(Records from a data source)
%%

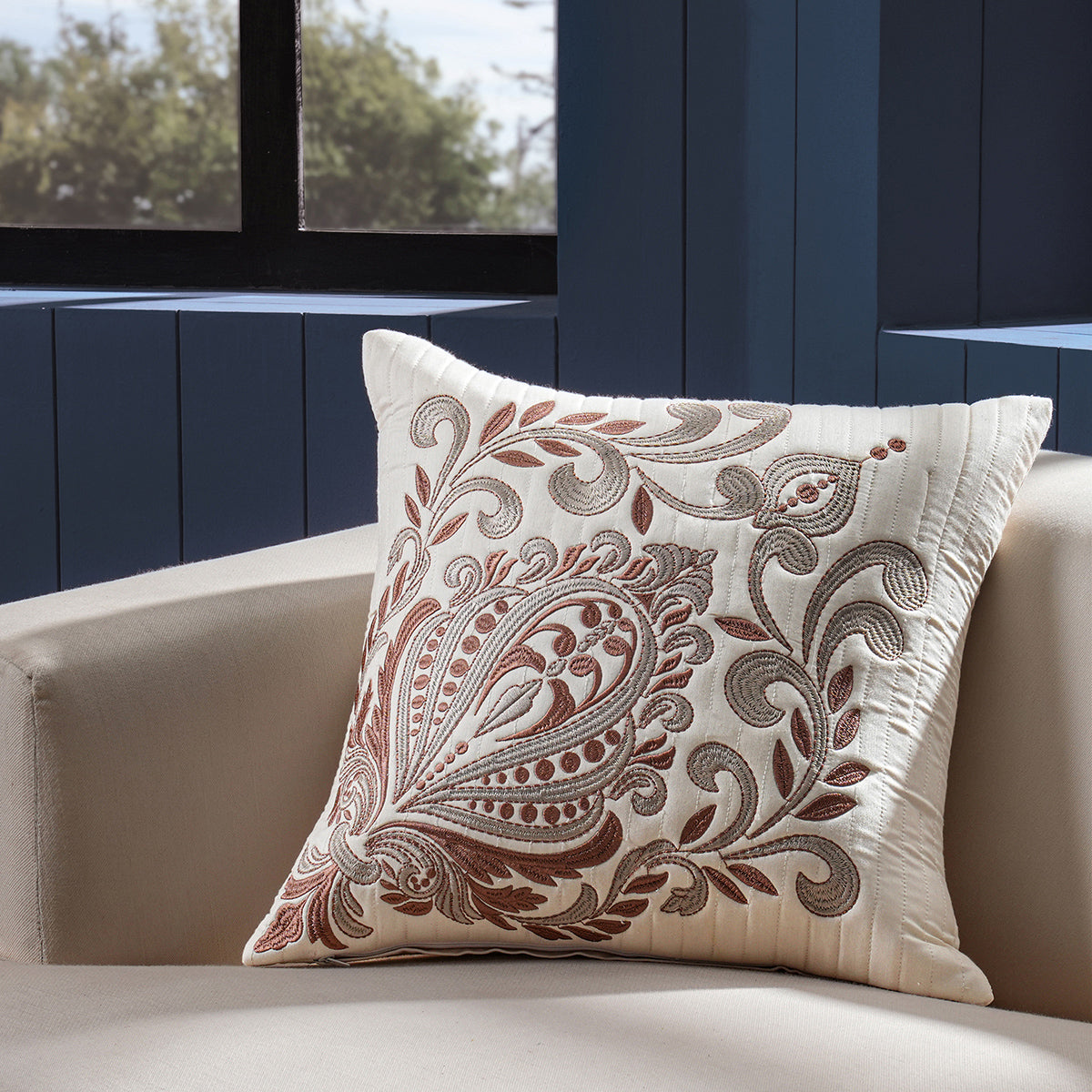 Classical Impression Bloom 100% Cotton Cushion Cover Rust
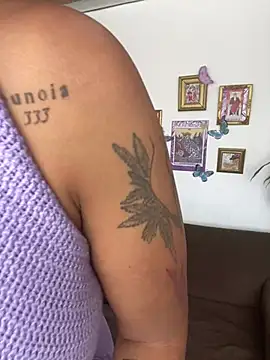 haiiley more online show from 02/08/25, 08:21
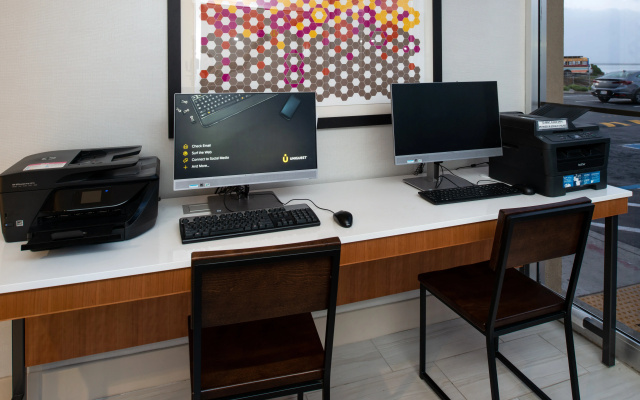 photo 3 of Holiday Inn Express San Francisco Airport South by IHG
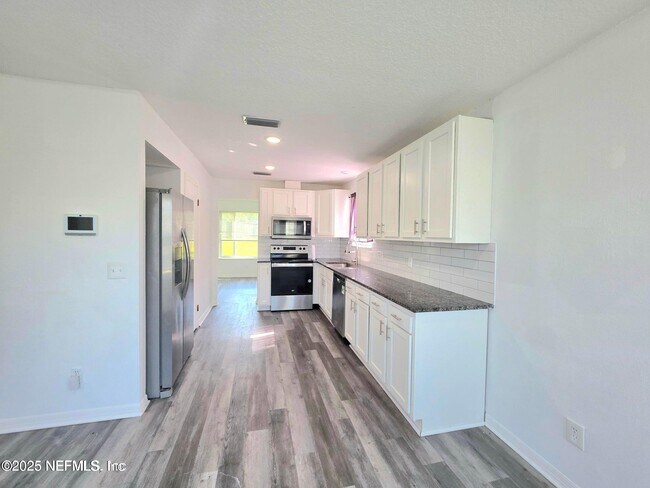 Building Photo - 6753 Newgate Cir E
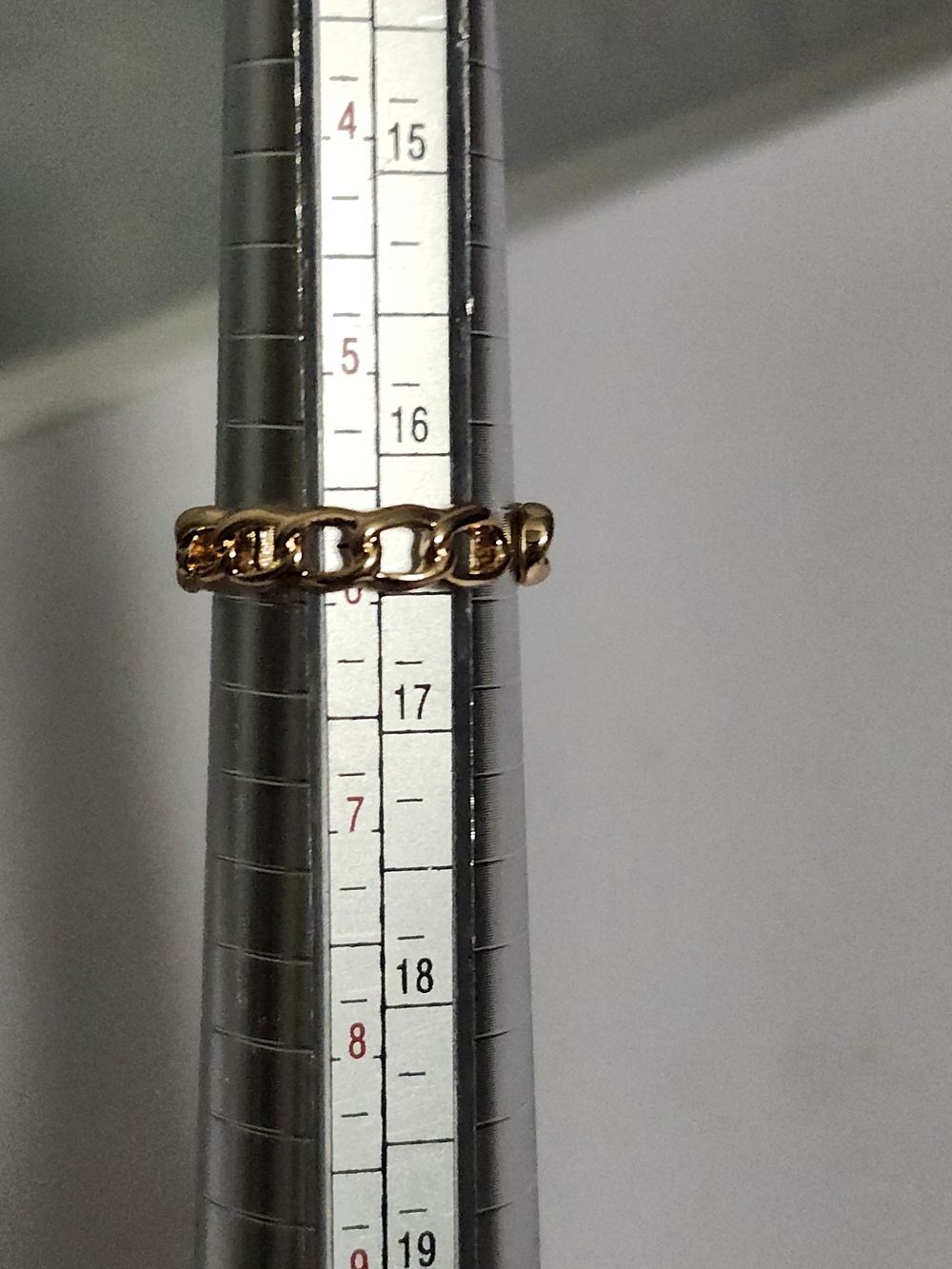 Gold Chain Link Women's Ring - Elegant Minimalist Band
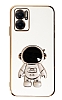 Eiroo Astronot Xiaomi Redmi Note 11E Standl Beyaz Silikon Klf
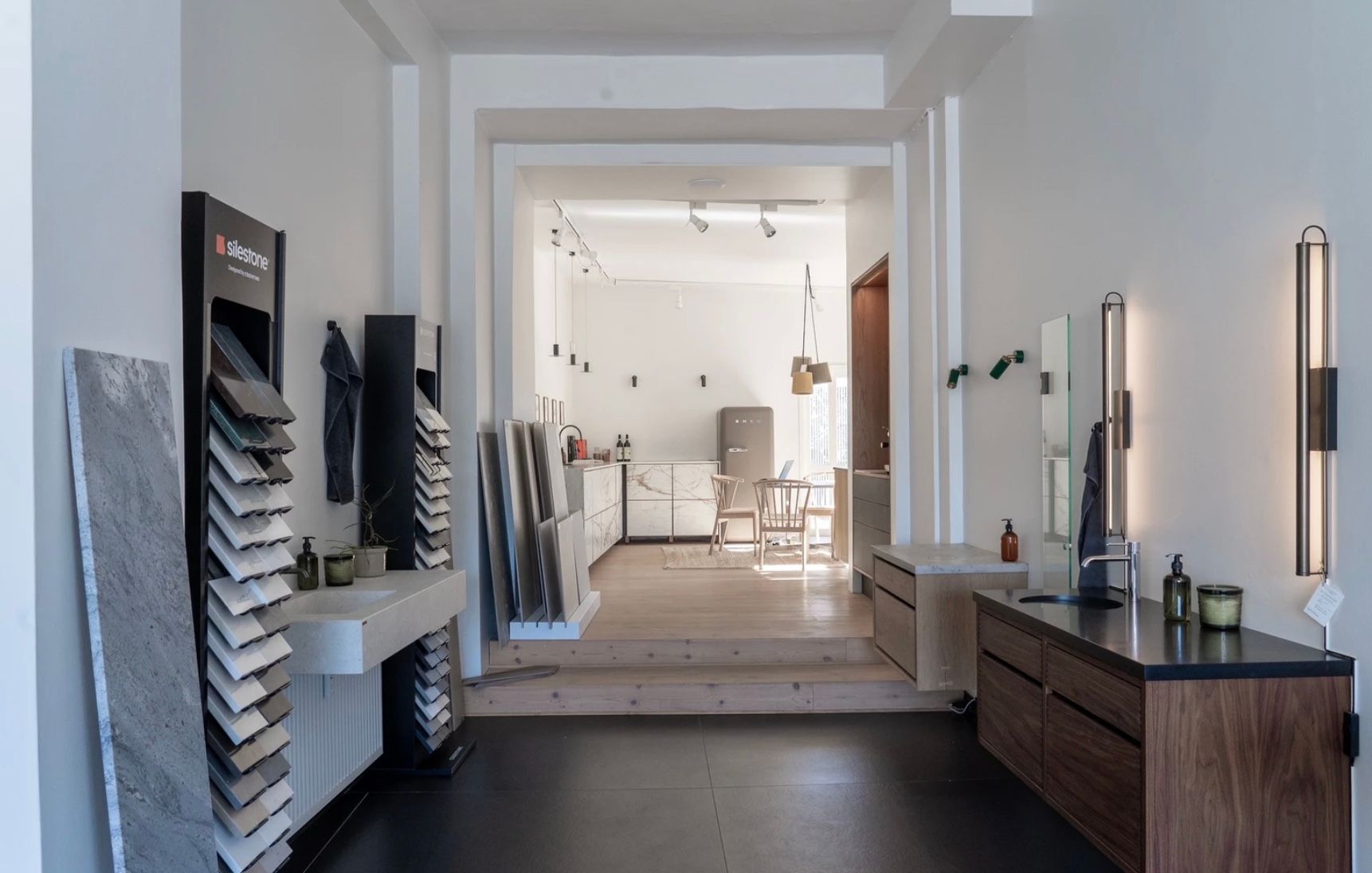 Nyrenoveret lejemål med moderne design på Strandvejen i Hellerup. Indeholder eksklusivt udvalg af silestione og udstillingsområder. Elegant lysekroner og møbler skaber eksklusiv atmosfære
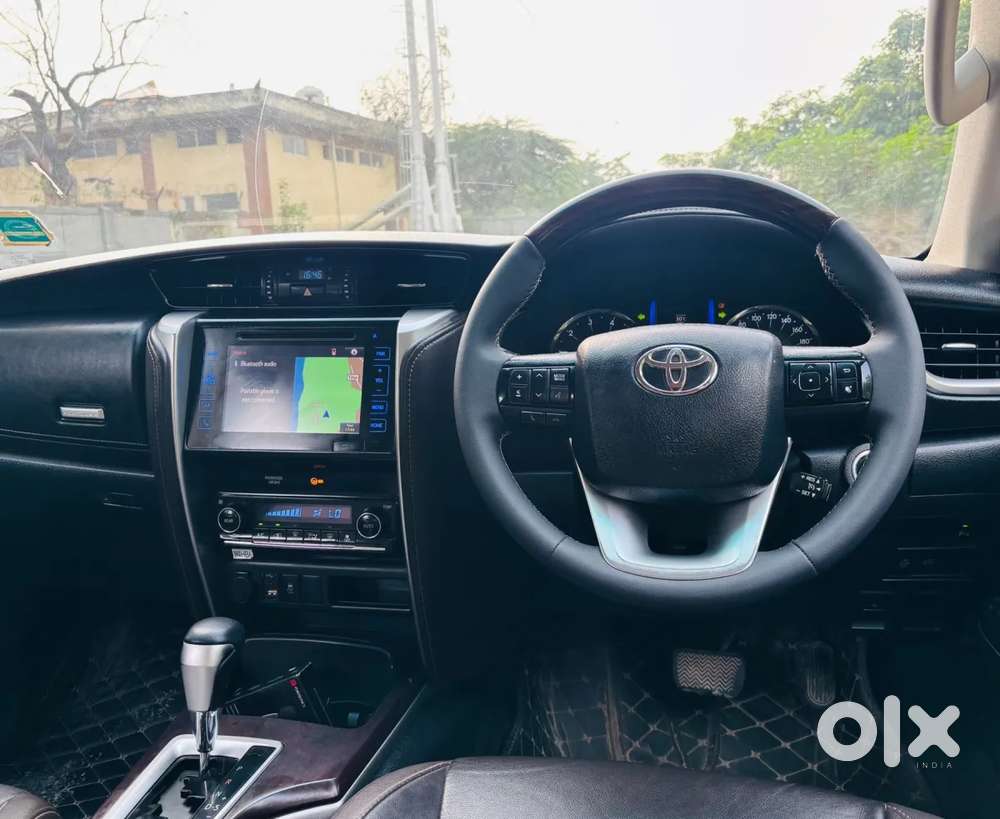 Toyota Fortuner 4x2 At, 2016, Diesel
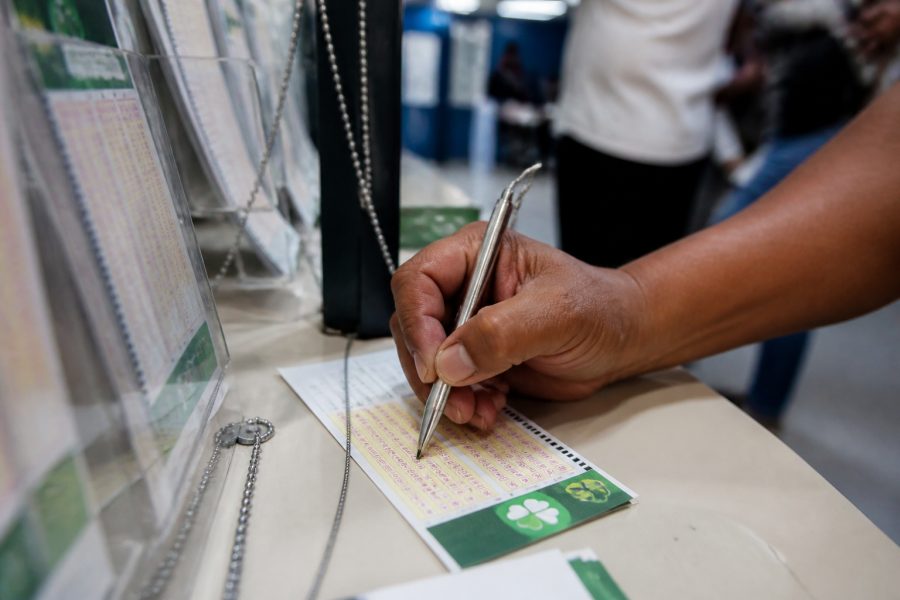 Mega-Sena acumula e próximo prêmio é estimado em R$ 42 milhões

%%

- _What the task asks_
Now transcribe the lines above exactly, starting at the line containing "haiiley more online" and ending at the line containing "Eiroo Astronot Xiaomi", both lines included, pictures excluded.

- _Answer space_
 haiiley more online show from 02/08/25, 08:21
 photo 3 of Holiday Inn Express San Francisco Airport South by IHG
 Building Photo - 6753 Newgate Cir E
 Gold Chain Link Women's Ring - Elegant Minimalist Band
 Eiroo Astronot Xiaomi Redmi Note 11E Standl Beyaz Silikon Klf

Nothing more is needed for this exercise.